Von Barbara Villiger Heilig, 08.05.2019, Update 29.05.2019
Wieder lädt das Republik-Feuilleton zum Buchclub ein. Unser Gast ist diesmal Sylvia Sasse, Professorin für slavistische Literaturwissenschaft an der Universität Zürich. Mit ihr diskutieren Daniel Binswanger, Barbara Villiger Heilig und Daniel Graf heute Mittwoch, 29. Mai, ab 19 Uhr in der Rothaus-Bar in Zürich über ein aufsehenerregendes Schweizer Debüt und eine der meistgelobten Neuerscheinungen dieser Saison. Nämlich:
Niko Stoifberg: «Dort». Verlag Nagel & Kimche, 328 Seiten, ca. 34 Franken
Saša Stanišić: «Herkunft». Verlag Luchterhand, 354 Seiten, ca. 31 Franken
Worum geht es in den Büchern?
Gemeinsam ist beiden Romanen, dass sie von männlichen Autoren knapp über vierzig stammen, die beide auf Deutsch schreiben. Das wäre aber auch schon alles.
«Dort» heisst der Romanerstling des Schweizers Niko Stoifberg. Ein regelrechter Psychothriller: Der Ich-Erzähler, ein junger Gartenarchitekt am Anfang einer vielversprechenden Karriere, verliebt sich auf den ersten Blick in eine junge Frau.

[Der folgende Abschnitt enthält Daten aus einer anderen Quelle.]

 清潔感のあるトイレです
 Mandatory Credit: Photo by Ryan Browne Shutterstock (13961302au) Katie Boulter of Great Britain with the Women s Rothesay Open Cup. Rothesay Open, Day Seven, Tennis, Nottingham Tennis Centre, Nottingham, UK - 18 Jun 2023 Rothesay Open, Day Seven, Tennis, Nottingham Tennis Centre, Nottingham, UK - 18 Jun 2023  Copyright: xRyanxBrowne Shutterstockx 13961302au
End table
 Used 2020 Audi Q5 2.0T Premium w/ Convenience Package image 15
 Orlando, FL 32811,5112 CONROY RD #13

Die Anziehung ist gegenseitig, nur: Damit eine Begegnung überhaupt stattfindet, muss ein Kind sterben. Kann diese Liebe gedeihen?

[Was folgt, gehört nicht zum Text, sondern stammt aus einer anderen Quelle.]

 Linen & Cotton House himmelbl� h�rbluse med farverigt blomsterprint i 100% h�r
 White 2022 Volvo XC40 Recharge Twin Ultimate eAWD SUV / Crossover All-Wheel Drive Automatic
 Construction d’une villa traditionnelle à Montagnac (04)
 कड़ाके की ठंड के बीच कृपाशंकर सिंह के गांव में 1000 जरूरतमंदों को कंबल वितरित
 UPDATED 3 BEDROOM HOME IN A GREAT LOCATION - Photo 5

Stoifberg führt seinen Protagonisten gleichzeitig in die Tiefen der Seele und auf landschaftliche Höhen empor zu einem abgelegenen Hotel. Bergkulissen, Steilwände, unten der See: Es herrscht Absturzgefahr für alle Beteiligten. In atemlosem Duktus jagt uns «Dort», Satz für Satz, von dunklen Vermutungen über ungeahnte Verstrickungen bis zur schauerlichen Auflösung. Alles ist Fiktion. Doch die Gefühle, denen die Figuren ausgesetzt sind – Begehren, Schuld –, kennt in abgewandelter Form jedermann.
«Herkunft» hingegen spielt vor dem Hintergrund realer Schrecken und ist trotzdem von staunenswerter Heiterkeit durchzogen. Saša Stanišić erzählt in seinem vierten Buch aus dem eigenen Leben: von Bosnien, wo er aufwuchs, bis er als 14-Jähriger mit seinen Eltern vor dem Krieg fliehen musste, und von Deutschland, wo er seither lebt. Zwischen Višegrad, Heidelberg und Hamburg springen seine Gedanken assoziativ hin und her, die Vergangenheit in der Gegenwart spiegelnd und umgekehrt.
Stanišić stellt uns das Trüppchen seiner jugendlichen Freunde vor, dank denen er Schule und Freizeit schwungvoll bestreitet. Wie viel schwerer es den Eltern fällt, im Exil soziale Bande zu knüpfen, verschweigt er nicht. Und wenn er von der Grossmutter berichtet, die mit umwölktem Gedächtnis zu einer Bewahrerin dessen wird, was früher war, scheint ganz dezent auch seine eigene Zerrissenheit auf – bevor er uns den nächsten Witz serviert.